Just six months ago, Anthropic, which was far behind, has now left OpenAI far behind.
On May 26, according to The Information's report, Anthropic's annualized revenue has reached nearly $45 billion, while OpenAI's annualized revenue has just exceeded $30 billion, currently estimated to be around $33 billion. This means that Anthropic's revenue is at least 35% higher than OpenAI's.
This number was almost unimaginable six months ago. By the end of 2025, Anthropic's annualized revenue was only $9 billion, less than half of OpenAI's.
Five Months, Anthropic's Revenue Multiplied by Five
In the first five months of this year, Anthropic's revenue has grown by about 5 times. In the same period, OpenAI's revenue growth exceeded 50%—impressive in any industry, but quite modest compared to Anthropic.
A source familiar with the matter told The Information that although OpenAI's annualized revenue has exceeded $30 billion, it is currently "not much higher."
The two companies have different business models: OpenAI's revenue mainly comes from ChatGPT subscriptions, while Anthropic mainly relies on selling AI programming and other white-collar work scenario API access to enterprises.

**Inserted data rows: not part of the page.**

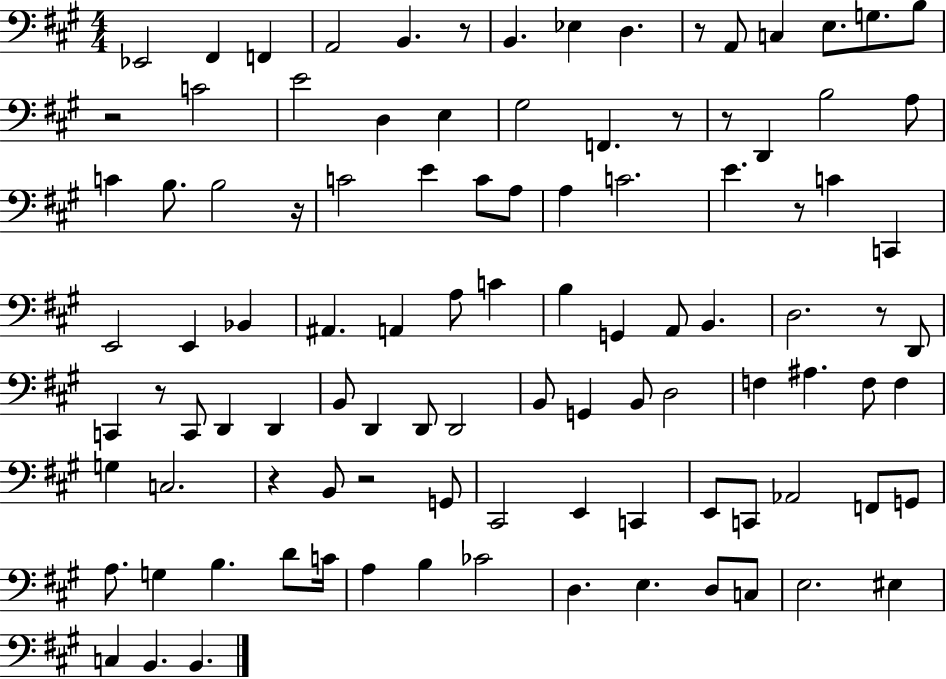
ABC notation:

X:1
T:Untitled
M:4/4
L:1/4
K:A
_E,,2 ^F,, F,, A,,2 B,, z/2 B,, _E, D, z/2 A,,/2 C, E,/2 G,/2 B,/2 z2 C2 E2 D, E, ^G,2 F,, z/2 z/2 D,, B,2 A,/2 C B,/2 B,2 z/4 C2 E C/2 A,/2 A, C2 E z/2 C C,, E,,2 E,, _B,, ^A,, A,, A,/2 C B, G,, A,,/2 B,, D,2 z/2 D,,/2 C,, z/2 C,,/2 D,, D,, B,,/2 D,, D,,/2 D,,2 B,,/2 G,, B,,/2 D,2 F, ^A, F,/2 F, G, C,2 z B,,/2 z2 G,,/2 ^C,,2 E,, C,, E,,/2 C,,/2 _A,,2 F,,/2 G,,/2 A,/2 G, B, D/2 C/4 A, B, _C2 D, E, D,/2 C,/2 E,2 ^E, C, B,, B,, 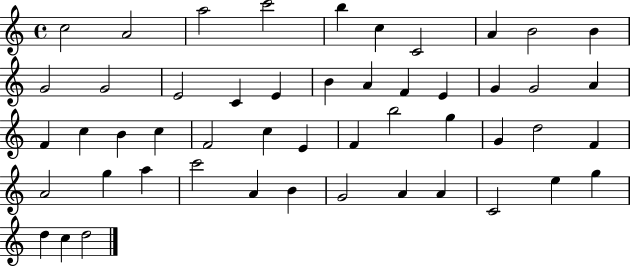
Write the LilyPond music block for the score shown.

{
  \clef treble
  \time 4/4
  \defaultTimeSignature
  \key c \major
  c''2 a'2 | a''2 c'''2 | b''4 c''4 c'2 | a'4 b'2 b'4 | \break g'2 g'2 | e'2 c'4 e'4 | b'4 a'4 f'4 e'4 | g'4 g'2 a'4 | \break f'4 c''4 b'4 c''4 | f'2 c''4 e'4 | f'4 b''2 g''4 | g'4 d''2 f'4 | \break a'2 g''4 a''4 | c'''2 a'4 b'4 | g'2 a'4 a'4 | c'2 e''4 g''4 | \break d''4 c''4 d''2 | \bar "|."
} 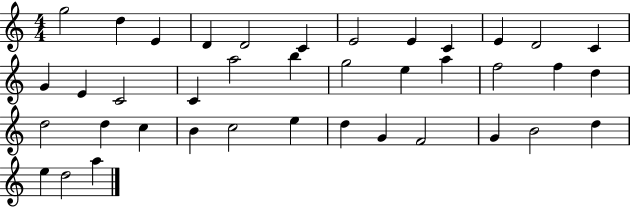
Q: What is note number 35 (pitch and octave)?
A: B4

However, they still compete directly in their respective markets, and public market investors will inevitably compare the two.

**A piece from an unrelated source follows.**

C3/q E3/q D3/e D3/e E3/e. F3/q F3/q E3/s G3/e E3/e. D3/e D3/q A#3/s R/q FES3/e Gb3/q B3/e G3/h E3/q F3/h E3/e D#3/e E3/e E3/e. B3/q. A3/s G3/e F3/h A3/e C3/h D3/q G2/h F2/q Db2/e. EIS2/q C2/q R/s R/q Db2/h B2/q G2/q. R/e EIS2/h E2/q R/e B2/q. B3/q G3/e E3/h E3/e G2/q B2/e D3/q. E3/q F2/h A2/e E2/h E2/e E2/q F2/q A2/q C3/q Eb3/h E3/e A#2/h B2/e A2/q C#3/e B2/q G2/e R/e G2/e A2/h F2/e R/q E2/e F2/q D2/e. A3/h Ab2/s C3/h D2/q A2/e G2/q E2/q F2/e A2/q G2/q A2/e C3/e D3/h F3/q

The Gap in Profitability is Even Larger
Revenue is just one aspect. What is more crucial is profitability.
Anthropic is expected to achieve around $559 million in operating profit in the second quarter, with an operating profit margin of about 5%.

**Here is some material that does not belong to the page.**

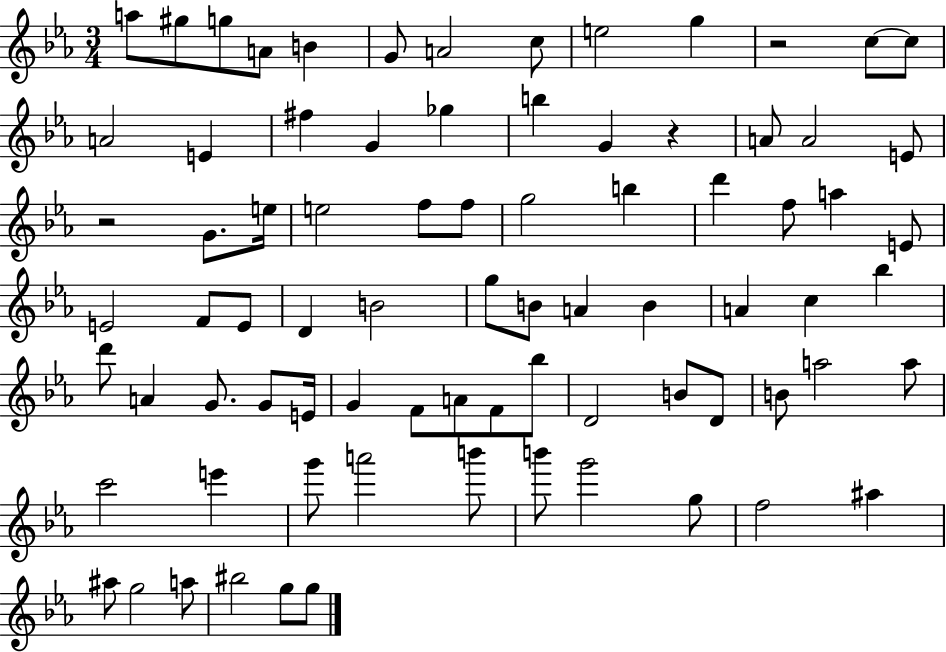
A5/e G#5/e G5/e A4/e B4/q G4/e A4/h C5/e E5/h G5/q R/h C5/e C5/e A4/h E4/q F#5/q G4/q Gb5/q B5/q G4/q R/q A4/e A4/h E4/e R/h G4/e. E5/s E5/h F5/e F5/e G5/h B5/q D6/q F5/e A5/q E4/e E4/h F4/e E4/e D4/q B4/h G5/e B4/e A4/q B4/q A4/q C5/q Bb5/q D6/e A4/q G4/e. G4/e E4/s G4/q F4/e A4/e F4/e Bb5/e D4/h B4/e D4/e B4/e A5/h A5/e C6/h E6/q G6/e A6/h B6/e B6/e G6/h G5/e F5/h A#5/q A#5/e G5/h A5/e BIS5/h G5/e G5/e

OpenAI's situation is quite the opposite. OpenAI's first-quarter operating loss rate was as high as 122%—this is even after excluding major items such as equity incentives. In other terms, the operating loss for that quarter was at least $7 billion.
OpenAI's earlier predictions for this year show that it will burn about $25 billion in cash for the whole year, with AI server rental costs as high as $32 billion. Additionally, OpenAI also needs to give 20% of total revenue to Microsoft, an agreement that will continue until 2030. If this year's revenue reaches the previously predicted $30 billion, this share will amount to approximately $6 billion.
Anthropic also needs to share revenue with cloud partners, but Anthropic's revenue calculation includes the total amount sold through other cloud service providers, part of which will eventually be returned to these partners.
It is worth noting that Anthropic's current profitability status is not without risks. With rapidly growing revenue, Anthropic needs to significantly expand server resources, which may put it back into a loss-making position.
IPO Race: First Mover Advantage Changing Hands
This reversal of revenue and profitability is directly affecting the IPO timelines of the two companies.
Reports indicate that OpenAI's CFO Sarah Friar had previously expressed concerns to CEO Sam Altman about rushing the IPO plans. However, the situation is now different—faced with the stronger financial position of Anthropic, OpenAI's rush to go public has instead become a "financially prudent choice."
The logic is simple: if Anthropic submits its IPO application first and successfully goes public, the public market investors will directly compare the financial data of the two companies. At that time, with faster revenue growth and realized profitability, Anthropic will have a clear advantage in the valuation narrative.
At the current growth rate, Anthropic is expected to surpass the revenue scale of mature tech companies like Netflix, SAP, and Salesforce within the next year.